I've talked about chain stores and how they do and don't satisfy the avid reader: In "What Makes a Bookstore?", a golden oldie from about four years ago, I granted that "when it comes to hanging out, it's hard to beat the chains." But I relish and much prefer the relevance of a good independent bookstore, which should allow one to "walk into the bookstore and be able to grasp, based upon which books are on display and based upon conversations with staff and fellow customers, what matters at that moment both in the wider world and in the neighborhood."
In this framework, putting ever more books face-out and thinning inventory is exactly the opposite of what I want a bookstore to do. The failure of chain bookstores is that they try to make the bookstore experience like any other retail experience, placing the merchandise just so in the hopes that it will entice the shopper. Indeed, according to the WSJ, "The new display strategy is the brainchild of CEO George Jones, who says he learned when he was a buyer at Dillard's Inc. early in his career that dresses sell better when the entire garment is shown rather than hung sleeve-out." John Deighton, editor of the Journal of Consumer Research, has a similar point of view. "'Breakfast cereals are not stocked end-of-box out,' he says. 'You want to your product to be as enticing as possible. It's a little bizarre that it's taken booksellers this long to realize that the point of self-service is to make the product as tempting as possible.'"
And who knows, tests have shown that "sales of individual titles were 9% higher than at similar Borders stores." Still, further down this path lies the ultimate in bookselling vapidity, the airport bookstore, where all the books are face-out, and the desperate traveler is forced to choose between bad or worse.
As I thought about turning books into so many boxes of Froot Loops, the article left me with a final question. Many bookstore regulars may not be aware that bookstores, from chains to indies, accept what's called "co-op" from publishers. Ostensibly, this is money that is meant to help market certain titles. In practice, co-op money dictates display areas, what ends up on prominent front-of-store tables, and, yes, face out placement on shelves. The article doesn't mention co-op explicitly, but I wonder if this is another motivation for Borders. If so, putting books face-out may lead to incrementally more sales, but it may also bring in more marketing cash from publishers, and the end result is an ever more pre-packaged, market-tested, one size fits all experience for readers.
Edit: Thanks to F.S. for the correct spelling of "Froot."

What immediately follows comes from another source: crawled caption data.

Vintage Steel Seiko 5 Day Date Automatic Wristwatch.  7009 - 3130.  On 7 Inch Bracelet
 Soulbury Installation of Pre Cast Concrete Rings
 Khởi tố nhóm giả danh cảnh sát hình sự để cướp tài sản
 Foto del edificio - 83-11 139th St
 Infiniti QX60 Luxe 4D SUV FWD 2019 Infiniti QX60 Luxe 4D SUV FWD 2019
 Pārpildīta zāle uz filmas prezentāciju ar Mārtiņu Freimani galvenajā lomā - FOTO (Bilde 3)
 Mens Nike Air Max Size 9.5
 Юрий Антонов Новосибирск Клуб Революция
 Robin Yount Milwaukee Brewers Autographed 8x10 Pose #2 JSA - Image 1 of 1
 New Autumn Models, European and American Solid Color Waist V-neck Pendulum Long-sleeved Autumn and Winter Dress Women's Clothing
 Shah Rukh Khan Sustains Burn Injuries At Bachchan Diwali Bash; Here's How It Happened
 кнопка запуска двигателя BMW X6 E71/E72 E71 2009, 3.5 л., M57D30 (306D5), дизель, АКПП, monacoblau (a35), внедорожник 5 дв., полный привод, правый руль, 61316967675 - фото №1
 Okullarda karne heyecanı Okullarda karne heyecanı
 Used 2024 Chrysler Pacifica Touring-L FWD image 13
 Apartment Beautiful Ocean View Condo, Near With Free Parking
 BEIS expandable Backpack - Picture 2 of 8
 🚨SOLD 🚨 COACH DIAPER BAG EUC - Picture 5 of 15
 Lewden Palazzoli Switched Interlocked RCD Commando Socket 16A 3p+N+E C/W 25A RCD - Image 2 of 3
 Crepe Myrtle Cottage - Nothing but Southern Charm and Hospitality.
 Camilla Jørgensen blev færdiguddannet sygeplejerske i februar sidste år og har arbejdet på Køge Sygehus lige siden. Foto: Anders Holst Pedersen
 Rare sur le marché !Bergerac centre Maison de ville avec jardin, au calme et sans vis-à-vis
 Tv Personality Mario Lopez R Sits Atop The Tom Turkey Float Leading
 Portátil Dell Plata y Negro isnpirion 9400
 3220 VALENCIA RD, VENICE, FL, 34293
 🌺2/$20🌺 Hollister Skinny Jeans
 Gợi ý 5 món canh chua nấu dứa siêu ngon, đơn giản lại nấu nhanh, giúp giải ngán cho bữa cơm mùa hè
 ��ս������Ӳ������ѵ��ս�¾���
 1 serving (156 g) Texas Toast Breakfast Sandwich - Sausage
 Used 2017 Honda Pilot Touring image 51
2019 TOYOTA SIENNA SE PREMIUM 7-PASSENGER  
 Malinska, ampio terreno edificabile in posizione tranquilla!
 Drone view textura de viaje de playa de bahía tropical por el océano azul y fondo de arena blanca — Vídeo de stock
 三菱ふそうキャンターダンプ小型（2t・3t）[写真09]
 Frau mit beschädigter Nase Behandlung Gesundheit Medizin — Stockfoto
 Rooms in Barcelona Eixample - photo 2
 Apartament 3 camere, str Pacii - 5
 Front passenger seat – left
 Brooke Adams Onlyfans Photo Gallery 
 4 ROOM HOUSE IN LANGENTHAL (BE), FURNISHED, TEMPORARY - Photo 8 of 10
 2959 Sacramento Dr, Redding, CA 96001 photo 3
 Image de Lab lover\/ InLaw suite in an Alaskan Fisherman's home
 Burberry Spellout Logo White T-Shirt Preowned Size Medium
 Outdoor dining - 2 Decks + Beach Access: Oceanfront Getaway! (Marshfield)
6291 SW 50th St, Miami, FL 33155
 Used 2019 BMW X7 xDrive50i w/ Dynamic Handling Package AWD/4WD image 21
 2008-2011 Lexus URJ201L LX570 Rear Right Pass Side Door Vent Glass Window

- C. Max Magee @ 7:28 PM ~
comments: 14 ~ Links to this post
I see the logic of Border's strategy, and since I don't have to shop there, I wish them well. But if I lived in a place where great independent bookstores weren't plentiful, I'd probably be upset. It seems like they are conceding that if a title is at all obscure, the customer will probably simply order it from Amazon. It's a little depressing.
One could argue that the success of Amazon and the like is attributable to what is essentially its "spined" display -- the search results page, with minimal information about each hit. Similarly, one could argue that with a heavily face-out policy, Borders may as well dispense with their convenient "search our inventory" terminals. So so late-20th-century, no?
The next time I go down to my local chain Cerealseller to choose my cereal for this week from among the 150,000 cereals on offer Mr Froot Loop can come and offer me some buying advice.
Finally, the point of facing out is to attract attention to specific titles from the larger product range. The larger product range sells fewer copies of individual titles, but sells well by total volume... it also serves to attract serious bookbuyers and lend kudos to the bookstore.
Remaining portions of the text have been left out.